新生活で家計に大きな負担となるものの一つが、引越し費用です。引越し業者への支払い、新しい家具家電の購入費用、新居の初期費用と、次々とお金が飛んでいきます。さらに、賃貸物件の退去時に思わぬ高額請求をされてしまったら、せっかくの貯蓄が一気に減ってしまうかもしれません。

そこで今回は、現役FPの筆者が、181,340円の退去費用を33,400円まで減額した実体験を交えて、賃貸物件の退去費用を抑える方法を解説します。


退去費用を抑えるための事前準備

退去費用を抑えるポイントは「事前準備」にあります。退去日までにやるべきことを確認しておきましょう。

解約の申し出る前にやること

1. 突発的な事故による壁の破損や床の傷は火災保険を活用
入居中に確認しておいてもらいたいのが、自身が加入している火災保険です。

賃貸物件に住んでいると、うっかり家具を壁にぶつけてしまったり、物を床に落としてしまったりして、室内に傷をつけてしまうことがあります。このような、日常生活における事故は、火災保険に付帯されている借家人賠償責任補償(※)でカバーできます。

(※)借家人賠償責任補償:賃貸物件の借主が、偶然かつ突発的な事故により室内を損壊した場合において、大家に対して法律上の損害賠償責任を負った際に保険金が支払われる

ただし、これは補償内容が「不測かつ突発的な事故」も対象としている場合です。加入している火災保険の保険証券を必ず確認しましょう。

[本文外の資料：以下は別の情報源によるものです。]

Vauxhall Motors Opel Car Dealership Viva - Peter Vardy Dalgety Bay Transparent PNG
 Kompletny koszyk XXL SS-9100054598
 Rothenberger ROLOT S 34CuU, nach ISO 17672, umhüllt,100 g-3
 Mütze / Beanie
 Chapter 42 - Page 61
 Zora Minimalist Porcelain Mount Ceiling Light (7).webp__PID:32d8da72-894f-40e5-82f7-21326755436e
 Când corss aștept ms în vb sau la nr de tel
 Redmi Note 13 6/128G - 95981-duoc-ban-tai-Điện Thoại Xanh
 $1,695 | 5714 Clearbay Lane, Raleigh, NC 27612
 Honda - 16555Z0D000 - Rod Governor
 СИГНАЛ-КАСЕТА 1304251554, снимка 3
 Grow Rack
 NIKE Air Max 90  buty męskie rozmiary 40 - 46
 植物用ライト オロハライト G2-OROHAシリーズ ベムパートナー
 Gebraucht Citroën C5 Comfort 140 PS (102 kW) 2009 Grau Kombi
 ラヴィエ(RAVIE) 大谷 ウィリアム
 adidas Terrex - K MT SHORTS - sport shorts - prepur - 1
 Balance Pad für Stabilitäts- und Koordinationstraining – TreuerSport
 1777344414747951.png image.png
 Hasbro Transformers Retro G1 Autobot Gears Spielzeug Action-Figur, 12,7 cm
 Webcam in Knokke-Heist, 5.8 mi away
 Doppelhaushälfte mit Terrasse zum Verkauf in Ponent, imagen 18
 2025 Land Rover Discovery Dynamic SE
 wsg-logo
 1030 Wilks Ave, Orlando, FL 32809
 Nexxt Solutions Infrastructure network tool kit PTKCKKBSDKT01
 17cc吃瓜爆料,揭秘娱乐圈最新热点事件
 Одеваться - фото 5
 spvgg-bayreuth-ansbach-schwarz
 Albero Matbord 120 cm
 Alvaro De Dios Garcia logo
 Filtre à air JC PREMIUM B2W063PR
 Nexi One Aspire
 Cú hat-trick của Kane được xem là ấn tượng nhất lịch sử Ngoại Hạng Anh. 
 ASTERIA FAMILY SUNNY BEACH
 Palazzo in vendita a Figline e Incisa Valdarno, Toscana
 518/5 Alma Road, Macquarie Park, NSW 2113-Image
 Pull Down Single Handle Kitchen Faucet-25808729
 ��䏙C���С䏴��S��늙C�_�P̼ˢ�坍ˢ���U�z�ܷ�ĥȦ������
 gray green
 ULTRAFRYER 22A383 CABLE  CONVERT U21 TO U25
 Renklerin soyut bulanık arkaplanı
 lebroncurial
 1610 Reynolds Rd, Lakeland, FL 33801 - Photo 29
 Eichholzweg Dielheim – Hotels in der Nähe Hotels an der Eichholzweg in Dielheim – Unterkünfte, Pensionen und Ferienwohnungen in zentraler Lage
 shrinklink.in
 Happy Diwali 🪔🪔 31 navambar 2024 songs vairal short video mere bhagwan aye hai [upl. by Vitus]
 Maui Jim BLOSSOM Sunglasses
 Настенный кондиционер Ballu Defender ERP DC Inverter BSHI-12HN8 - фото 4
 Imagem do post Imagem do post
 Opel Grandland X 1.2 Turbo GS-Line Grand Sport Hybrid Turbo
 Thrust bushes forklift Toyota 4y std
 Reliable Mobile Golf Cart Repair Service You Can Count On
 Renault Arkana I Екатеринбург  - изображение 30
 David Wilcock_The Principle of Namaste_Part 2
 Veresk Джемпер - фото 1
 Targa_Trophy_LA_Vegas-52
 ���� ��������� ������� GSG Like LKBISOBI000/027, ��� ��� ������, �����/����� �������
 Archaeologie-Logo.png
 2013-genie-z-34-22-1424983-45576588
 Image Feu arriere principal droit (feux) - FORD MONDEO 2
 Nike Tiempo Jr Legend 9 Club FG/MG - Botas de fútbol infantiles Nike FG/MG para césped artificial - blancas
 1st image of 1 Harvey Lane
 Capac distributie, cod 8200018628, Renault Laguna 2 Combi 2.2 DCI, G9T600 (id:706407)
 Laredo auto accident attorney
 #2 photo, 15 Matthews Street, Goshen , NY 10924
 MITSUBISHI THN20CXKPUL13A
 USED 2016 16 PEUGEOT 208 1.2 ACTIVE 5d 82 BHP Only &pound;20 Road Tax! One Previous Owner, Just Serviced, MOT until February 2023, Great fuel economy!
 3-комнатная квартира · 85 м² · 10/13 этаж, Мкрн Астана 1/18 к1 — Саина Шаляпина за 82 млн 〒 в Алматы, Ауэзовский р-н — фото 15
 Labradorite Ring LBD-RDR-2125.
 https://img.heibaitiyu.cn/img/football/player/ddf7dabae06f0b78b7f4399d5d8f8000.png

注意点として、退去後は火災保険の補償がなくなるため、事故が起きた時点で保険を活用する必要があります。うっかりつけてしまった傷は、解約を申し出るまでにあらかじめ保険で対応しておきましょう。

2. 賃貸契約書を確認する
入居時に締結した賃貸契約書を再確認しましょう。特に以下の点に注意してください。

・解約予告期間(1か月前、2か月前など)
・退去時の原状回復義務の範囲
・特約事項(ハウスクリーニング代や鍵交換代の固定金額が記載されている場合あり)

契約内容をよく確認せずに退去を進めると、延長家賃を無駄に支払ったり、過剰請求を見逃したりしてしまう可能性があります。

解約を申し出た後にやること

3. 部屋の掃除を徹底する
退去時にハウスクリーニング代が請求されることがありますが、汚れがひどいと追加費用を請求される場合もあります。特に以下の箇所を重点的に掃除しましょう。

・キッチン(コンロの油汚れ、シンクの水垢)
・お風呂・洗面台(カビ、石鹸カス)の水周り
・窓ガラスとサッシ
・壁や床(軽い汚れは落としておく)

4.写真撮影で現状を記録する
退去時にトラブルを避けるために、必ず部屋の状態を写真に残しておきましょう。

・傷や汚れがある場所も含めて室内の写真を明確に撮る
・写真は日付がわかる状態で保存する

万が一、後日「ここにこんな傷があった」といわれても、証拠として提示することができます。